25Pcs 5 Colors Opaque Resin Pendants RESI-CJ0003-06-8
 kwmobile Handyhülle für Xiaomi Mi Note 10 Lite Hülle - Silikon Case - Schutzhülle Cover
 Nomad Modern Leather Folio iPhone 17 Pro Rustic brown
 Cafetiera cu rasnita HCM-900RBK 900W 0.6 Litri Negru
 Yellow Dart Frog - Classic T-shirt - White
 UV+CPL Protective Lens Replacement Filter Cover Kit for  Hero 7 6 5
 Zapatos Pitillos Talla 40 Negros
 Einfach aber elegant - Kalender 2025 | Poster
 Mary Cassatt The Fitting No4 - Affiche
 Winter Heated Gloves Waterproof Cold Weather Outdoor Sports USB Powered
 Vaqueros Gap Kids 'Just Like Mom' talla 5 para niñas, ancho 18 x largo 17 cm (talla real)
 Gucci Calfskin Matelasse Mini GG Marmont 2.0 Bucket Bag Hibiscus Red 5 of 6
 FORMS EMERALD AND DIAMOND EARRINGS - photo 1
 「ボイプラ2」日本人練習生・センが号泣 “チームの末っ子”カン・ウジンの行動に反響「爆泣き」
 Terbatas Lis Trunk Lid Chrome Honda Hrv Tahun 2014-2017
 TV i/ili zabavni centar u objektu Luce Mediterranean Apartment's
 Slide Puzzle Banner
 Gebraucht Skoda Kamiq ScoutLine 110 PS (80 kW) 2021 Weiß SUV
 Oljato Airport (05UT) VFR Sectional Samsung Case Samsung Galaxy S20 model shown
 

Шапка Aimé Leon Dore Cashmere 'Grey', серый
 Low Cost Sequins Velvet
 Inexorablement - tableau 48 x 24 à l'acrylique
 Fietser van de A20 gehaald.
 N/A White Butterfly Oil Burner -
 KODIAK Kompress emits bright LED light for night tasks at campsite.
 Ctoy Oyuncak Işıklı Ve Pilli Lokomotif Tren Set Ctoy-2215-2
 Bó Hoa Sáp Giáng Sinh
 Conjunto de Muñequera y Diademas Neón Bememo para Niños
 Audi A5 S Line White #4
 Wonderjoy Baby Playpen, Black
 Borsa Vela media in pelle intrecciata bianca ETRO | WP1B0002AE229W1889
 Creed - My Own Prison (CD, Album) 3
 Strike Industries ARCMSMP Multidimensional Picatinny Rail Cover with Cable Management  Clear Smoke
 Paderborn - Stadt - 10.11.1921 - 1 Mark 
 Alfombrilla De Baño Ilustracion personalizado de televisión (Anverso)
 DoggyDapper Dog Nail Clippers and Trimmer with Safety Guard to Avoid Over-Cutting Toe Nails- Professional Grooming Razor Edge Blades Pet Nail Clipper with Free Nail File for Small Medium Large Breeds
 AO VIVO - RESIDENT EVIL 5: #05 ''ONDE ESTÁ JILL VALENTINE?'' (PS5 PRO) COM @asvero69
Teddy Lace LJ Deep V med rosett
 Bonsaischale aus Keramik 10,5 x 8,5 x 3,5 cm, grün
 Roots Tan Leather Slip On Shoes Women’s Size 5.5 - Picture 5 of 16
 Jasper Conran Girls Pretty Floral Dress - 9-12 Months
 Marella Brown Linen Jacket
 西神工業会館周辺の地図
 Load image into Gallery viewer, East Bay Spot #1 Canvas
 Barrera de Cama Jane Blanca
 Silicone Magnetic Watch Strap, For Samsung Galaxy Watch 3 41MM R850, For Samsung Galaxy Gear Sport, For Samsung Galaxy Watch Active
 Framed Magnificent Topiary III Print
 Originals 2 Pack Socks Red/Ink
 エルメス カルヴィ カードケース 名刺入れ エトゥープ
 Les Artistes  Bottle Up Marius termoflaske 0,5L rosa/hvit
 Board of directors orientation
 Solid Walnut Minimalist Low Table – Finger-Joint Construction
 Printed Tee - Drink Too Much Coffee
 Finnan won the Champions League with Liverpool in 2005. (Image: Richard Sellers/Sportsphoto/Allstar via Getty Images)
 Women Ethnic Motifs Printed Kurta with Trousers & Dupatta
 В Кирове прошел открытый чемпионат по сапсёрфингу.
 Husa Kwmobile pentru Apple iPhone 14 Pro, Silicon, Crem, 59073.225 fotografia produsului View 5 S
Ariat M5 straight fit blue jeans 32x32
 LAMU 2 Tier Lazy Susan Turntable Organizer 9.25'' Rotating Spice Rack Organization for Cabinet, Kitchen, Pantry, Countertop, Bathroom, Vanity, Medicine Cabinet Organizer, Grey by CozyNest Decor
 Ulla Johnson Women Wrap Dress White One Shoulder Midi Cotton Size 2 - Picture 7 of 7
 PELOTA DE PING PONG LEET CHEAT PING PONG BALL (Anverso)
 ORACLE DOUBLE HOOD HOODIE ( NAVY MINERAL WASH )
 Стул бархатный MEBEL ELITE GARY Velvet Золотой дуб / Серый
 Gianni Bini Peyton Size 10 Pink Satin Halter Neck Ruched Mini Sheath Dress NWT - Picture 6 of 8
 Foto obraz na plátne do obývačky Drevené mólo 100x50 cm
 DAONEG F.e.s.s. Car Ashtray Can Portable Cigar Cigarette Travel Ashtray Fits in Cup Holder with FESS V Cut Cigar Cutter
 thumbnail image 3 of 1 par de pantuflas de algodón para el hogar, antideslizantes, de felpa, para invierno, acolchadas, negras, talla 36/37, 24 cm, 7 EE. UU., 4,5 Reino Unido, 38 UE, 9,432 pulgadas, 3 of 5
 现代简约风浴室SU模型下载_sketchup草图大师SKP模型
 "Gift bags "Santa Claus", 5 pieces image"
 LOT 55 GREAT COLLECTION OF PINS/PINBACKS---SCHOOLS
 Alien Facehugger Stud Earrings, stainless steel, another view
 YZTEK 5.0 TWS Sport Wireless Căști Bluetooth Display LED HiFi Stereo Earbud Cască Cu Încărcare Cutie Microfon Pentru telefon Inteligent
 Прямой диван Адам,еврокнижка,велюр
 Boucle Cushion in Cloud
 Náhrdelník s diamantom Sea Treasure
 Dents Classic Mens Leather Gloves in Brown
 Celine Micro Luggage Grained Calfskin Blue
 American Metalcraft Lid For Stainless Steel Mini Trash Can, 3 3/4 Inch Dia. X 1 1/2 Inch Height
• • • • • • •
## Description of the task
Starting from the records above, filter out all lines except those containing the word "Velvet".

## The answer
 Low Cost Sequins Velvet
 Стул бархатный MEBEL ELITE GARY Velvet Золотой дуб / Серый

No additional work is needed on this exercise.